The use of composite materials has been increasing over the last few decades due to their tuneable mechanical performance. Composites are well-known for their outstanding in-plane mechanical properties and light weight, making them a material of choice for multiple industries such as aerospace, renewables, automotive and construction.
However, they are prone to critical failure due to delamination when an out-of-plane force is applied. Multiple technologies were investigated to reduce this effect using through-thickness reinforcement (TTR) methods. These methods, although proved capable of addressing the issue by enhancing the performance in the through-thickness direction, can lead to reduction of performance in the in-plane direction.
The challenge addressed in this project is to understand how artificial intelligence (AI) can contribute to material design optimisation when through-thickness reinforcement is needed
The project – AITROCOMPS: AI-driven through-thickness reinforcement design optimisation for multifunctional composite structures – is an EPSRC CIMCOMP Hub Researchers Award funded project. It is being delivered as a collaboration between Brunel University London and Cranfield University.

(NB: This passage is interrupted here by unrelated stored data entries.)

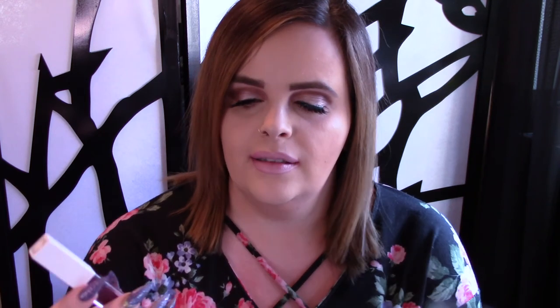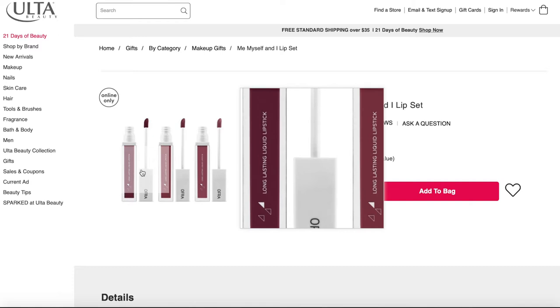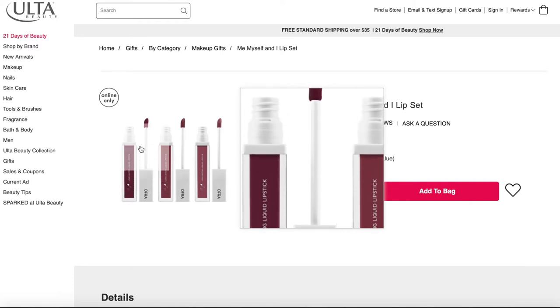The third and final color is my favorite of the Ofra liquid lipsticks that I have, and it is Neenah. It's a darker, more vampy, purply-brown color — it's so nice. It's actually one of my favorite lipsticks that I own and I have a ton. This shade can go on a little bit streaky and patchy so I do go over everything twice, but once you do that it has great color payoff.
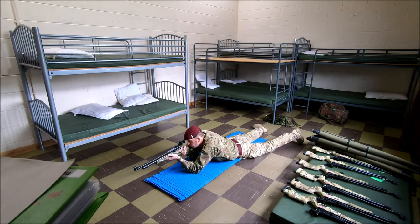Two targets to your front. Go on. Rifle fires. Rifle fires. Rifle fails to fire. Rifle fires. Rifle fires. Stop.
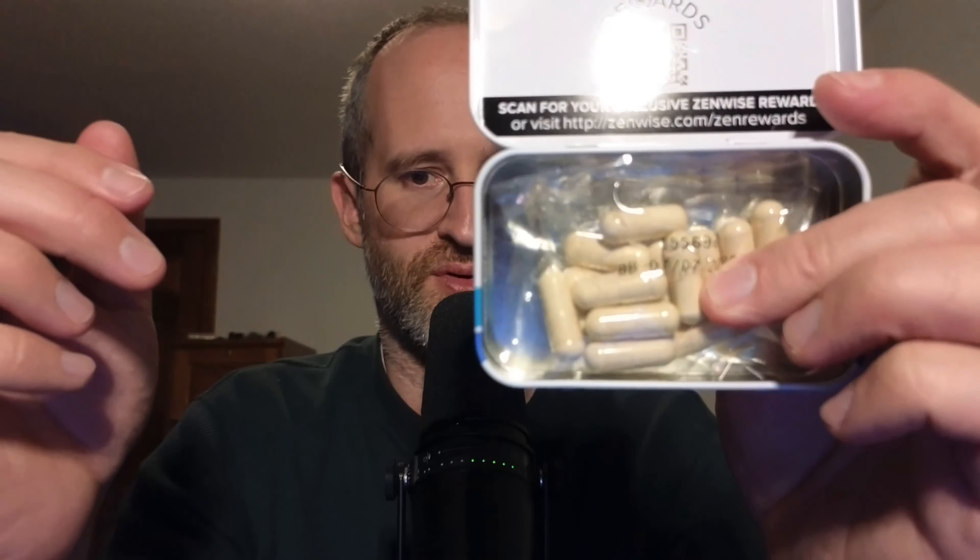So this is what it looks like here. Oh, we just lost one. And this is what an actual pill looks like from this. I hope you enjoyed this review.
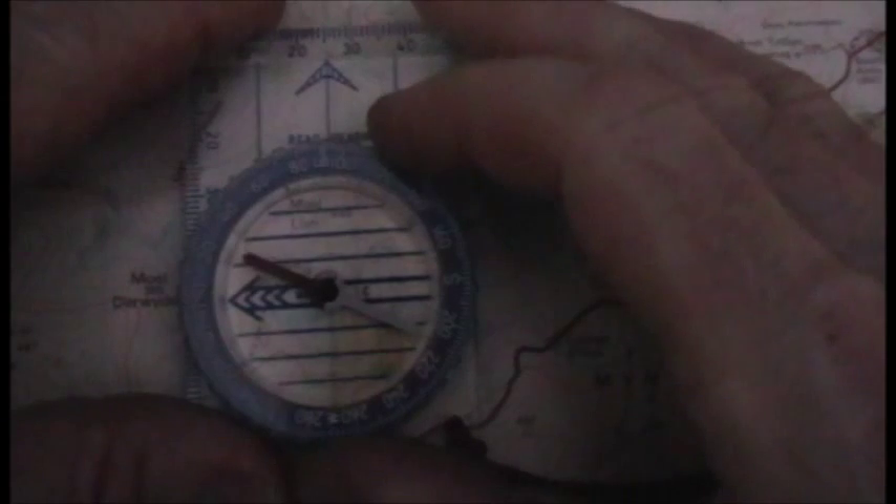The magnetic variation will be shown on the top of your map. Say for instance the variation is two degrees — what you need to do is add two degrees, so just turn the housing until you're on 93.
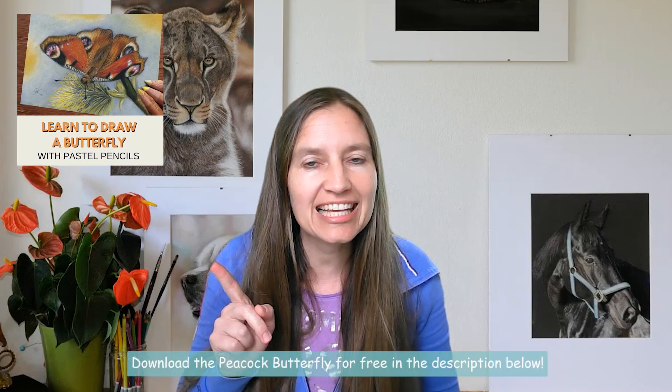This is a real-time step-by-step drawing lesson, part of the drawing tutorial inside Animal Art Club. The whole drawing lesson is inside Animal Art Club — you can find the link to the waitlist below in the description. If you would like to draw a whole butterfly, I have a free butterfly drawing lesson, a peacock butterfly. You can sign up in the link below and get it for free.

AITROCOMPS proposes the use of an AI algorithm to optimise the design of composite tufting reinforcement to limit the decay in mechanical performance of the structure in the in-plane direction while maintaining the out-of-plane enhanced performance due to this TTR methodology. In fact, researchers found that tufting of composite structure can enhance delamination toughness and reduce crack propagation. However, this method leads to a significant reduce in the in-plane tensile strength. Furthermore, the inclusion of copper tuft within the composite structure can expand its application as it enhances the bulk conductivity of the material enabling the multi-functionalisation of composites. Through the project, different tufting scenarios will be investigated through modelling initially followed by experimental validation. Machine learning techniques will be used to identify a 3D multidirectional tufting design while considering different hardware limitations.
AITROCOMPS will contribute to the knowledge base of through thickness reinforcement. It will also help investigate techniques to reduce the in-plane mechanical performance decay while maintaining higher performance in the through-thickness direction. The validated model will facilitate expanding the work for future funding opportunities. The work conducted as part of this project will serve as an initial investigation step in this field.
AITROCOMPS will contribute to the knowledge base of through thickness reinforcement. It will also help investigate techniques to reduce the in-plane mechanical performance decay while maintaining higher performance in the through-thickness direction. The validated models can be later used by either industry or academia.